I never see mealy bugs except for a few newly bought plants in the past and I usually sprayed them ( ends up killing the plants or horribly damaged them).
The good thing is only about three or four plants out of so many I have bought over the years ever came with mealy bugs. 

Anyways, I left the windows open two weeks ago before the heat wave when I saw one mid sized mealy bug on the underside of this same paph. I thought it was blown in from the outside.
I had a close look on the plant every day and night.
I did not see any more of them until last might I saw a very small one hiking up the spike. I took a flashlight and pulled slightly away the leaves. 
At the deep crevice in between the leaves, there was a decent sized white colony. None were adults so I assumed it was a cluster of eggs or juveniles. There was not any individual bug but just a white mass. 
I scratched off the white mass with a tooth pick as much as I could, and then I poured in some bathroom cleaning liquid ( hydrogen peroxide based). 
Now, I am thinking there might still be there hiding somewhere and who knows those little juveniles have been crawling around or being flown around by the wind ( of the fan) onto other plants. 
My head started to hurt thinking of this possibility. 
Now, I don't want to spray anything as I had bad results before. 

I do remember seeing this product at a garden store here. 
It has 0.22 % imidacloprid as an active ingredient. 
It's something you put on the pot, gets dissolved and absorbed by the plant roots. 

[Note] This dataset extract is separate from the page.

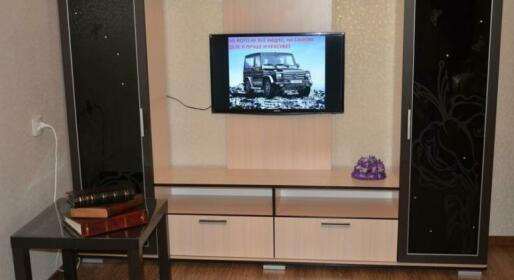Bagira Apartment on Larina 29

I wonder if anyone tried this product before and if there was any damage to the plant. 


http://www.gardenersedge.com/bonide...mt=&plc=&kc=&gclid=CJPUpsXr2McCFVMXHwodSOQJ8Q


----------



## Ruth (Sep 2, 2015)

I have used it, and didn't see any problem with the plant. In my experience, you have to make sure that there are not mealies on the plant when you use it, because it takes a couple of weeks to take effect, and in that time you can have an explosion of mealies.


----------



## Justin (Sep 2, 2015)

i did not find it effective on mealies. get something with pyrethrin in it like schultz houseplant and garden spray. 

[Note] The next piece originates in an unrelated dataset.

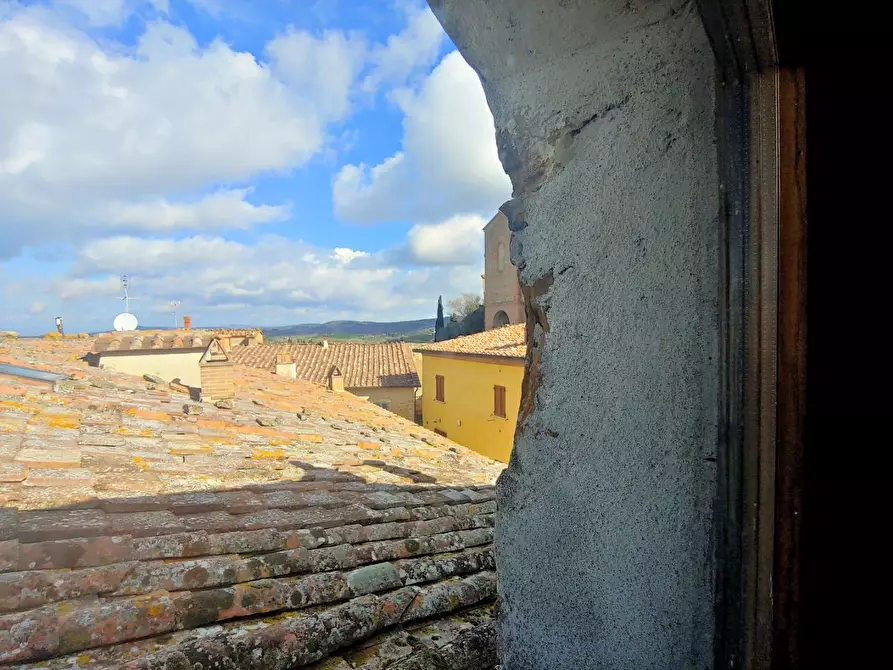 Immagine 9 di Palazzo in vendita  a Montalcino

also you can spray with a mix of rubbing alcohol and a drop of dish detergent. and kill individual mealies with rubbing alcohol on a q tip.


----------



## Gilda (Sep 2, 2015)

I have used it, and wasn't impressed . my best results with killing mealies was with Safari.


----------



## Happypaphy7 (Sep 2, 2015)

Ruth said:


> I have used it, and didn't see any problem with the plant. In my experience, you have to make sure that there are not mealies on the plant when you use it, because it takes a couple of weeks to take effect, and in that time you can have an explosion of mealies.



I also read about how using certain chemical proliferate their numbers, which seems very odd to me. ??? 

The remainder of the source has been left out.